If they can't upgrade their starters maybe something can be done about a mixed-bag bullpen that's been taxed by the rotation woes. Despite his horrific outing Sunday, David Robertson's been solid at closer, and Dellin Betances and Adam Warren have been spectacular setting him up. Behind War-Bet-Son, though, things get shaky. Matt Thornton has done alright as a LOOGY, holding lefties to a .250/.333/.267 line, but he also turns the average right-handed hitter into Joe DiMaggio. Matt Daley, Preston Claiborne and Alfredo Aceves have combined for a 4.88 ERA and 1.40 WHIP in 48 innings pitched with Aceves in particular attaining Mitrean levels of ineptitude far too often. Shawn Kelley will be back next week, barring setbacks, and that should help, but the past two seasons have taught us the hard lesson that "barring setbacks" isn't a phrase to take lightly.

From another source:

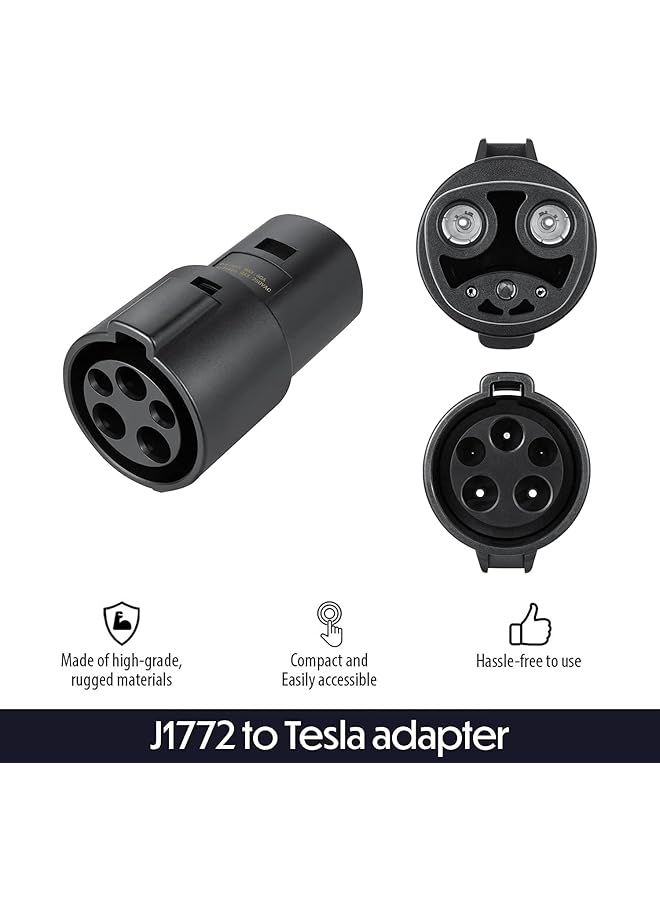 كاست ويف محول شحن J1772 إلى Tesla، 80A/240 VAC، Ip54 SAE J1772 محول شاحن EV متوافق مع Tesla Model 3/Y/S/X، مخصص لمالكي Tesla فقط - Image 3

Without many relievers he can trust, and starters that scarcely get him more than eighteen outs, it's not hard to understand why Girardi has moved away from his usual conservative style of bullpen management and used Betances and Warren more often than he'd prefer. As of Monday night, the two righties ranked third and fifth in the majors respectively with 32.2 and 31.1 relief innings pitched. They're both on pace to toss more than 90 frames out of the pen, a mark that no Yankee has reached since the notoriously abused Scott Proctor threw 102.1 in 2006. Betances and Warren are converted starters, and their workloads have been necessary to keep the Yankees afloat, but if it continues, it'll be tough for them to keep their effectiveness later in the season and beyond.
The Yankees have relievers at Triple-A who could potentially help. Right-handed 23-year-old Mark Montgomery has been the organization's top bullpen prospect for the past few years, and after a down 2013, he's regained some of his prestige, posting a 2.59 ERA, a hit-per-nine rate of 5.5 and a K-rate of 10.4 for Scranton/Wilkes-Barre thus far. Unfortunately, he's also got a walk rate of 6.3, which isn't exactly what you'd want to see trotting into a tight game, especially with runners on base.

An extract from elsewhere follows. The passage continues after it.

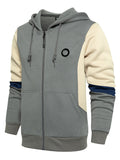 Retro Contrast Color Hoodies Jacket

Scranton's best reliever has been 25-year-old Suffolk County native Danny Burawa, who's wowed to the tune of a 1.53 ERA, a 1.13 WHIP and an 11.7 K-rate through 17.2 innings this year and hasn't allowed a home run since May 23rd of 2013. He, too, cedes a few too many walks, but Daley and Claiborne haven't exactly shown off pinpoint control either, as both share walk rates over 4.0, and a little wildness is still more attractive than Aceves throwing batting practice.

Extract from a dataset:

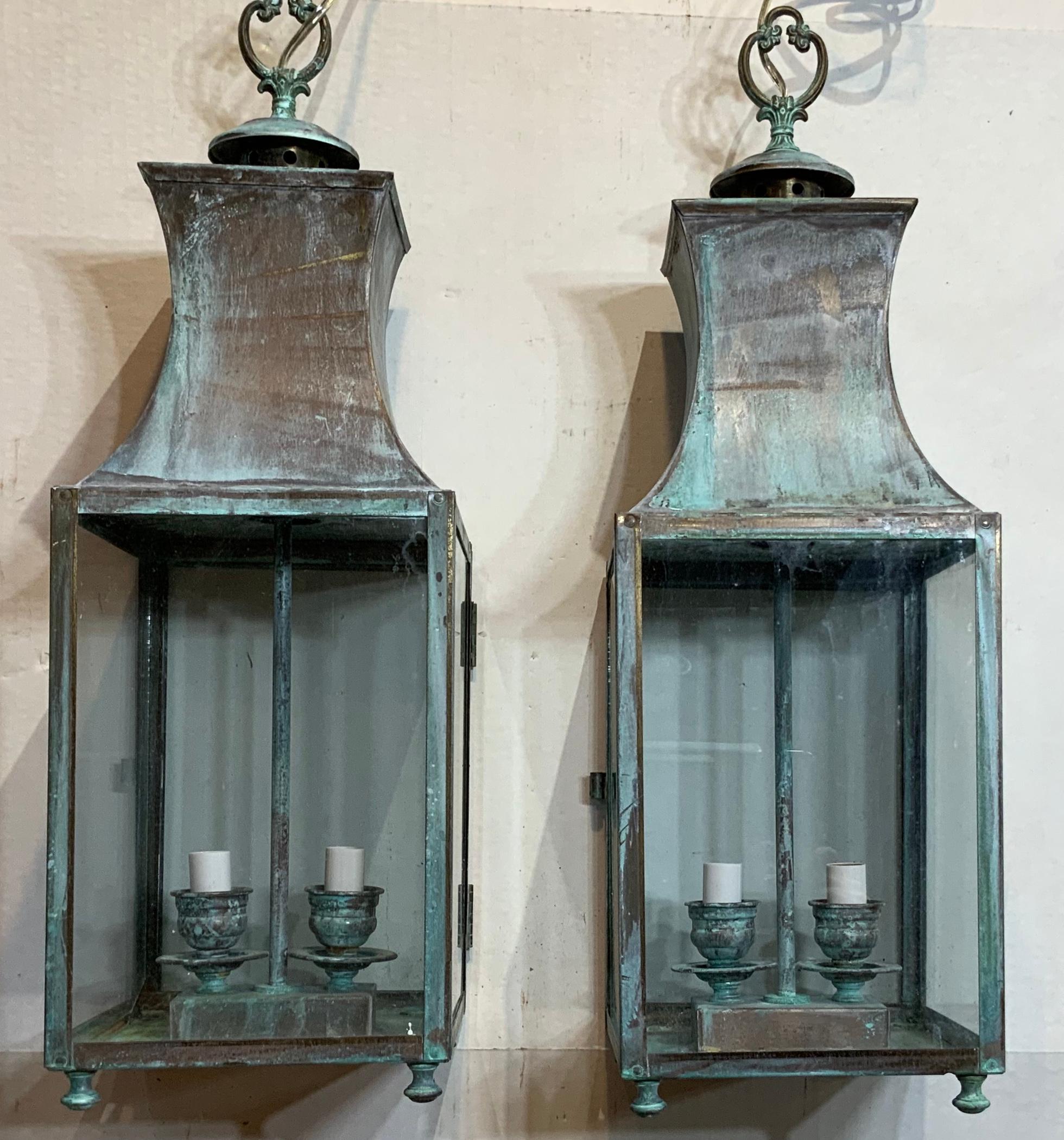 Pair of Vintage Brass Hanging Lantern 2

It's worth mentioning Pat Venditte who everyone knows as the switch-pitcher who's been knocking around the Yankee farm system since being drafted way back in 2007. He's probably the longest bet of this trio to get a shot in the Majors, but the 28-year-old has been largely untouchable in 29.2 innings split between Scranton/Wilkes-Barre and Double-A Trenton this year (0.61 ERA, 0.71 WHIP and 10.9 K-rate). His stuff has never really been considered big league level, but desperate times...
None of these guys are currently on the Yankees' 40-man roster, but that shouldn't be too hard to work around. Aceves, Daley and Claiborne are all likely to clear waivers if DFA'd, and if some team scoops one up, more power to ‘em. The middle of bullpens isn't usually a place that boasts much quality, but with everything else that's tormenting the Yankees this year, those roles have suddenly become much more important. The bullpen has been the one area where Yankee player development has actually been a successful program, so there's no reason they shouldn't keep looking for more of the same. With a staff hampered by injuries and an offense that's not good enough to outscore bad pitching, it's time for an all-hands-on-deck approach in the Yankee organization. Montgomery and Burawa look like some of the better options they've got.